─── Exercise data
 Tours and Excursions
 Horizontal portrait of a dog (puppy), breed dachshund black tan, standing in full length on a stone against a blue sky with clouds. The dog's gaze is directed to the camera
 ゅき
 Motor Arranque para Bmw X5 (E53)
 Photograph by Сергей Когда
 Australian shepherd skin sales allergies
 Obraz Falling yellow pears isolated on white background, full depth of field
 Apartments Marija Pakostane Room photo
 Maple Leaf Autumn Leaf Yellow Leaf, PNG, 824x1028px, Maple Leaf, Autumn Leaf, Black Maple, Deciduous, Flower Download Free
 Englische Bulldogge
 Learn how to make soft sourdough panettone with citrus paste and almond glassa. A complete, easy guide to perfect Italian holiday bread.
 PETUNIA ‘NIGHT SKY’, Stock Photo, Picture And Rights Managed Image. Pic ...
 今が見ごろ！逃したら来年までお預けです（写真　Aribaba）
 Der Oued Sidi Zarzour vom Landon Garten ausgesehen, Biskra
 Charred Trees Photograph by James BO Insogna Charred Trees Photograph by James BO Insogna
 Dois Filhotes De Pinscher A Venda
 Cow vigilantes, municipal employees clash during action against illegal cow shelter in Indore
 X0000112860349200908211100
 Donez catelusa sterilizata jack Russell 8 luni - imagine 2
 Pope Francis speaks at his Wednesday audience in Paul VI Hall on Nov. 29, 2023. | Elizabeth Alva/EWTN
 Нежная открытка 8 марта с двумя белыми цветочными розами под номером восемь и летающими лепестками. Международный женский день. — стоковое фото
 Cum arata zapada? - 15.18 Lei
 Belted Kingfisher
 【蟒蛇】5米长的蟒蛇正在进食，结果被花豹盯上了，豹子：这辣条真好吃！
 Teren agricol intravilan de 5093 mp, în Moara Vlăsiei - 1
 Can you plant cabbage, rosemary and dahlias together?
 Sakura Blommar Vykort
──────
### Work to complete
From the material above, copy out every line bearing the string "with".

### Response area
 Horizontal portrait of a dog (puppy), breed dachshund black tan, standing in full length on a stone against a blue sky with clouds. The dog's gaze is directed to the camera
 Learn how to make soft sourdough panettone with citrus paste and almond glassa. A complete, easy guide to perfect Italian holiday bread.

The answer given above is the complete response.